CBC’s anti-inflammatory properties have also suggested potential use in treating acne, with studies confirming that CBC can suppress excessive lipid production and inflammation in the skin’s sebaceous glands.
As well as activating the TRPA1 receptor, CBC is also known for its ability to inhibit endocannabinoid inactivation – meaning that it will allow endocannabinoids to remain in the bloodstream for longer than usual. This is particularly notable for cancer research as the endocannabinoid ananamide (AEA) has been shown to fight the growth of breast cancer tumors both in vivo and in vitro.
Early screening tests have also detected CBC’s anti-tumor properties, with the cannabinoid appearing to effectively accelerate necrosis in gastrointestinal cancer cells.
Animal studies have shown that CBC has a beneficial effect on the viability of neural stem progenitor cells (NSPCs) during differentiation. This is important as these NSPCs differentiate into astroglial cells, which are largely responsible for maintaining homeostasis and defending the central nervous system (CNS). Healthy astroglia counteract a large number of risks to the CNS and neurological health; by effectively regulating oxadative stress they avoid problems such as inflammation, hypoxic brain injury, or Alzheimer’s disease.

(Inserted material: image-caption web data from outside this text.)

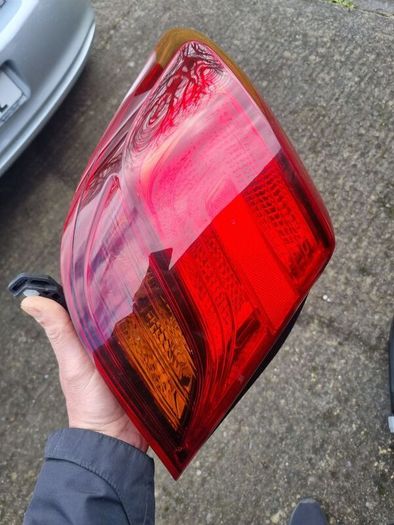 headlamps yaris corsa volvo bmw bmw i3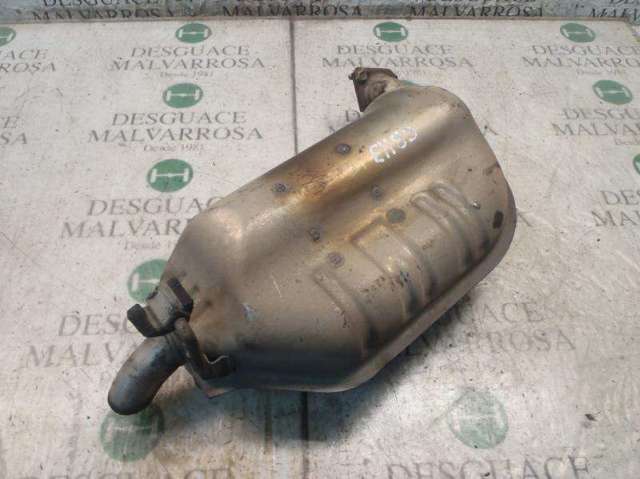 RFC540100B MAZDA Глушитель задний купить в Ужгород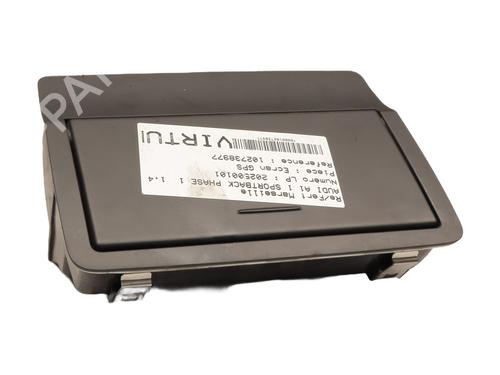 Display monitor AUDI A1 Sportback (8XA, 8XF) 1.4 TFSI | BP24281390C48 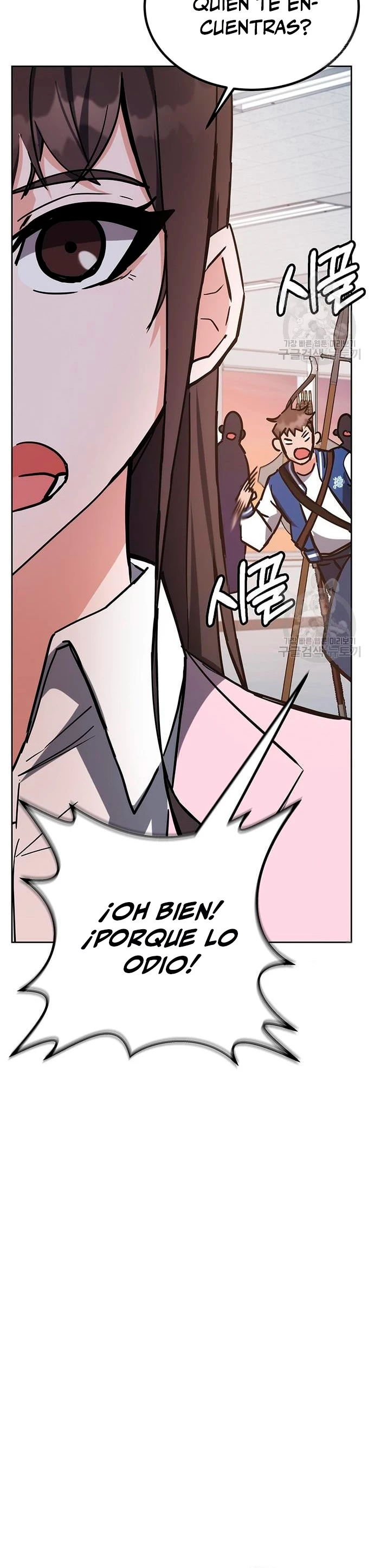 Academia de la Ascensión > Capitulo 39 > Page 321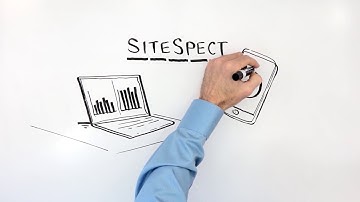 SiteSpect Overview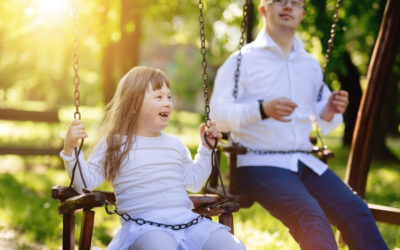 Optimizing the Health of Children with Down Syndrome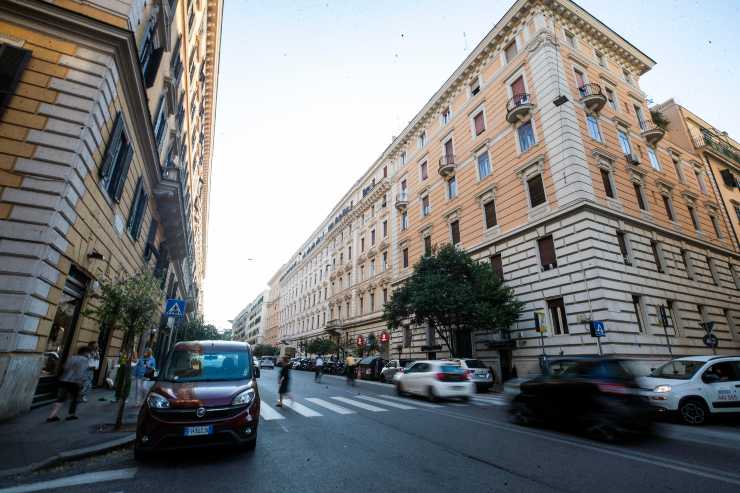 L'aggressore si era barricato in casa
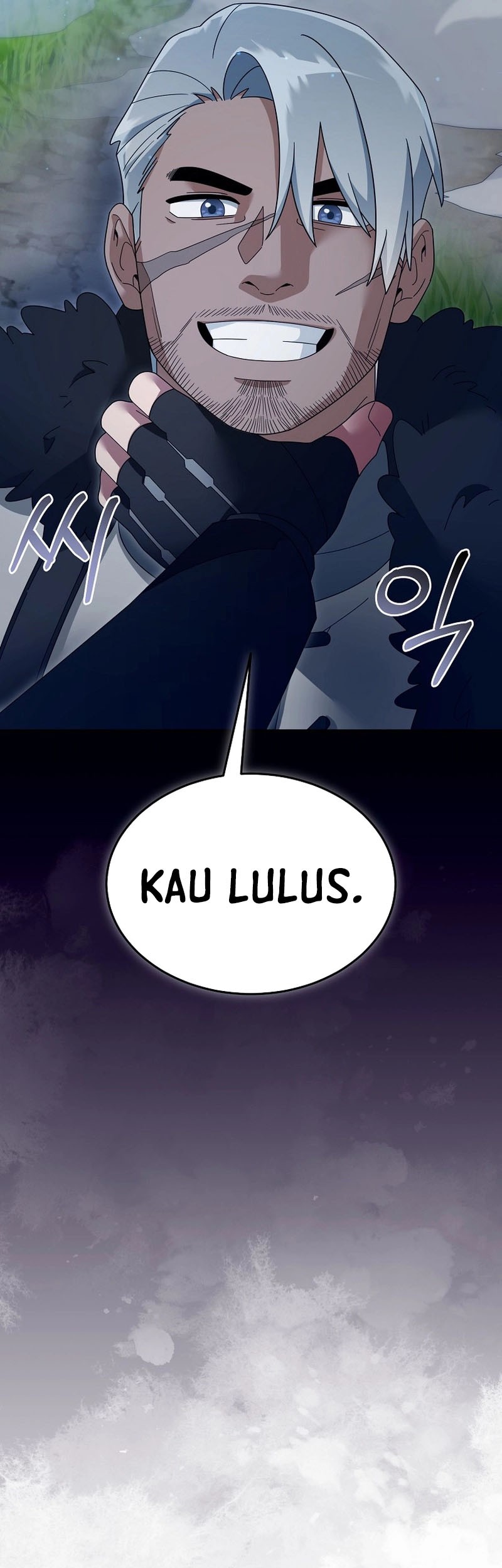 The Newbie Is Too Strong Chapter 133 - halaman 14
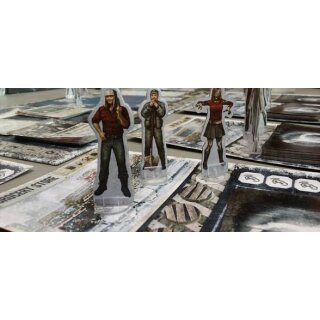 Dead of Winter: A Crossroads Game (EN)
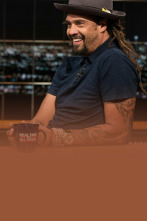 Imagen de Real Time with Bill Maher (T14) - 1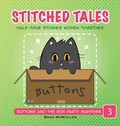 Cover: Buttons and The Box Party Surprise - Tahoeanime.com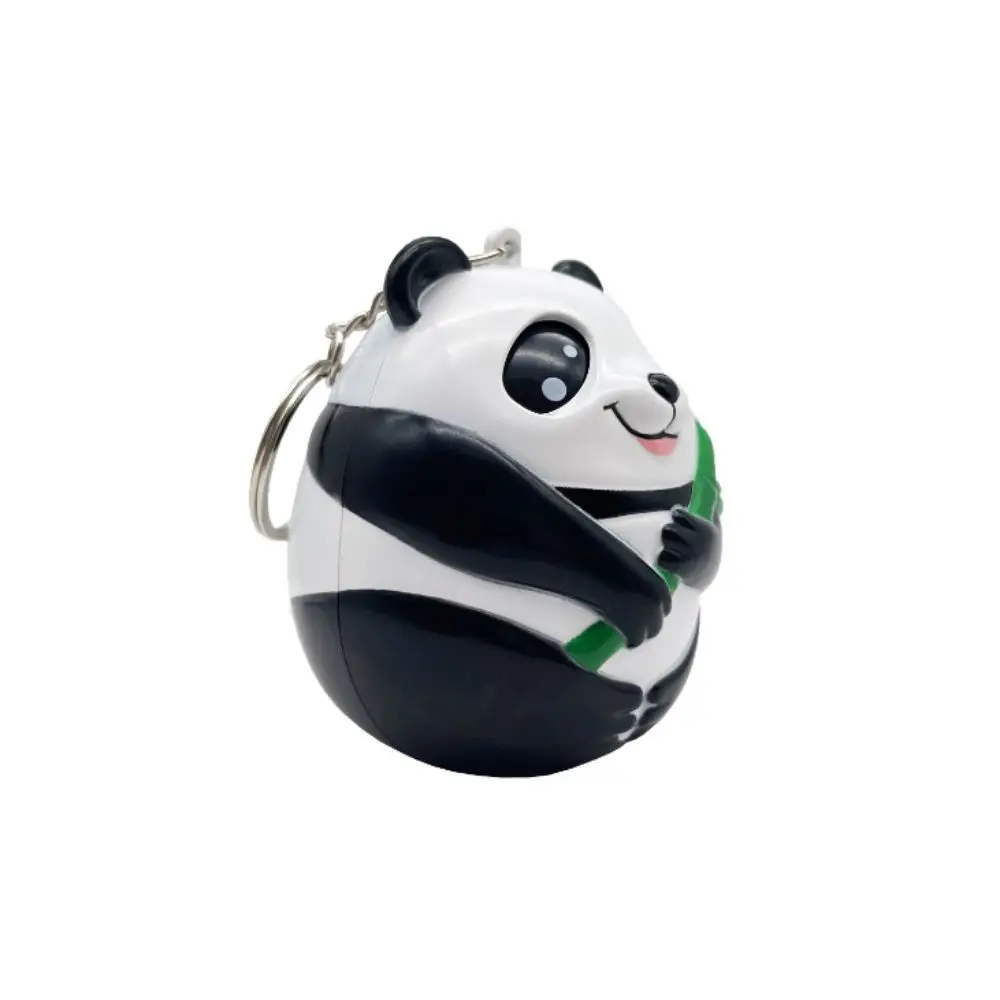 Брелок для ключей с выражением меняющий лицо сумка очаровательное украшение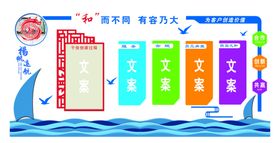 文化墙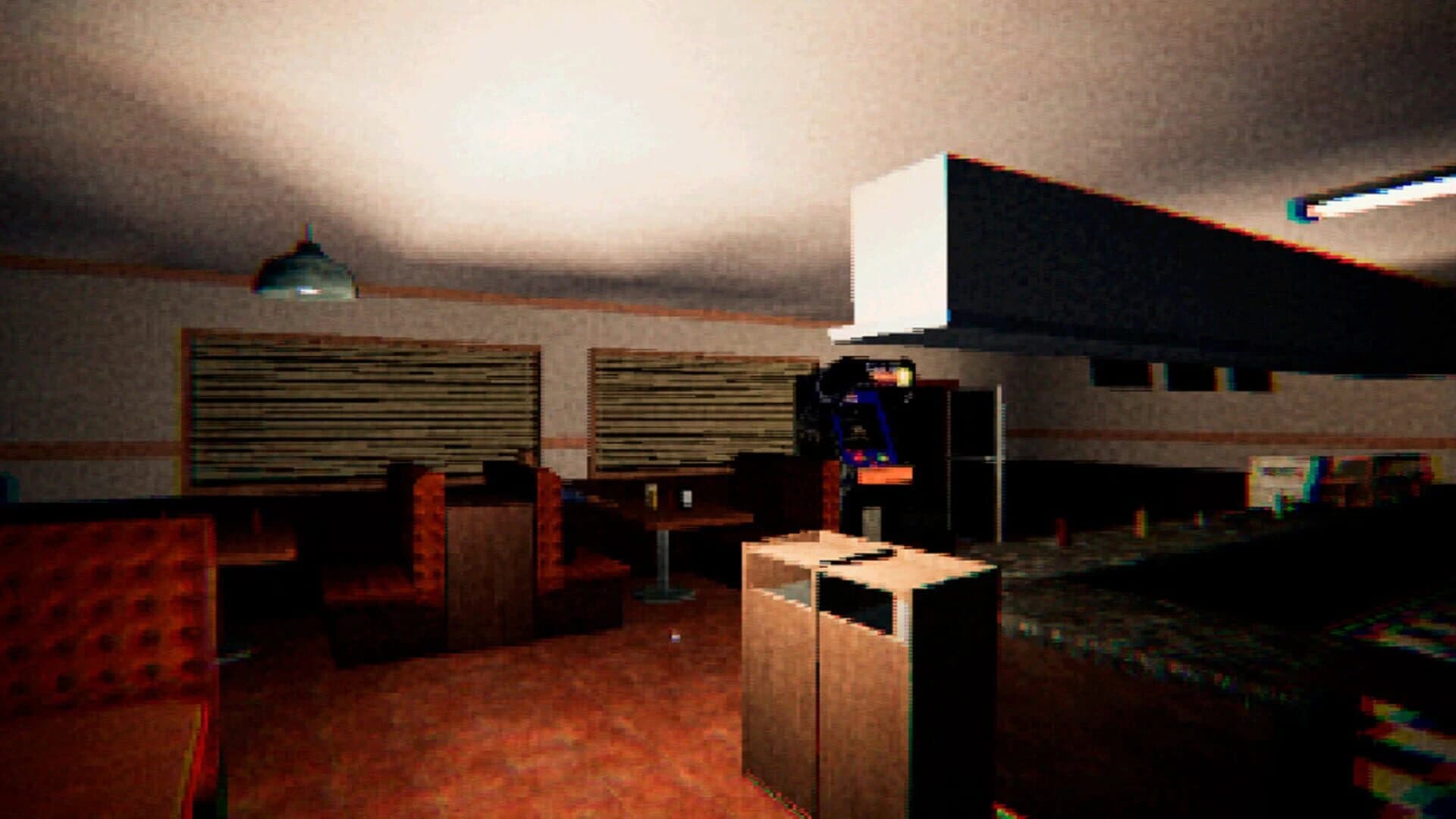 Screams from the Past screenshot 3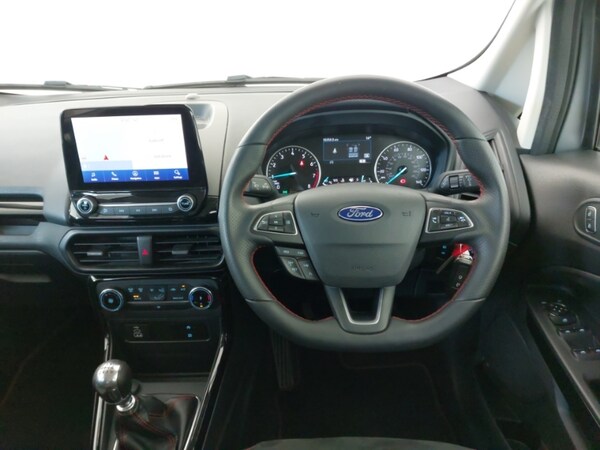 Used Ford Ecosport 2022 for sale - 76059041: Photo 7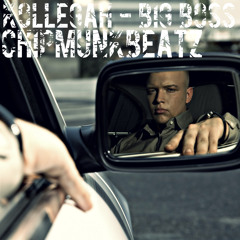 Kollegah - Big Boss (ChipmunkbeatZ Remix)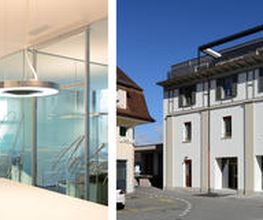 moser + colombo architektur - Ihr architekt für umbauten und sanierungen in der region aarau Bild 12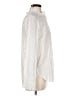 J.Crew Polka Dots Ivory Long Sleeve Blouse Size 8 - photo 4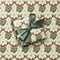 Evergreen Deer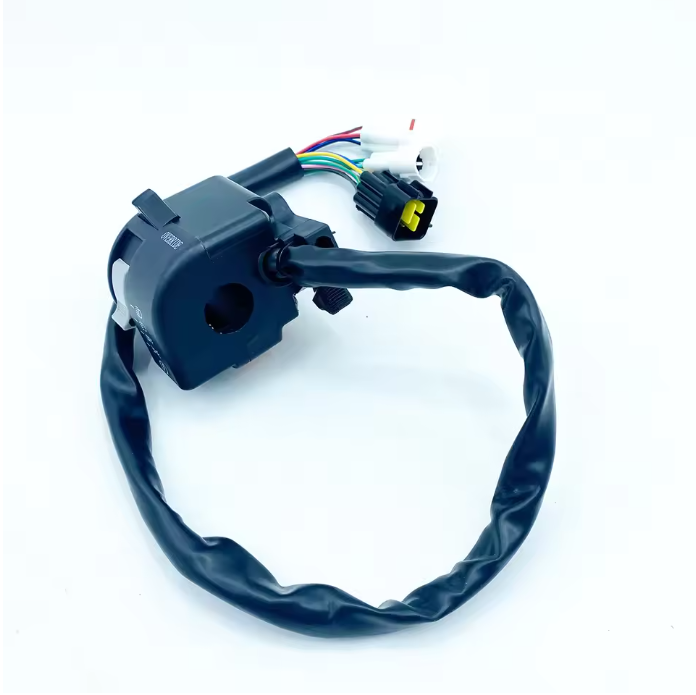 New HS500 HS700 500 700 ATV Quad Left Function Switch Assy For Hisun 500CC 700CC 37400-058-0000 37400-107-0000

CBC may also have applications as an antibacterial agent. Early studies have indicated that CBC, as well as other common cannabinoids including THC and CBD, may be able to prevent the growth of gram-positive Methicillin-resistant Staphylococcus aureus (MRSA) and inhibit MRSA biofilm formation.
Studies with other prominent pathogens, such as gram-negative E. coli, have also indicated that CBC can powerfully inhibit bacterial growth by acting synergistically with small amounts of the topical antibiotic Polymixin B.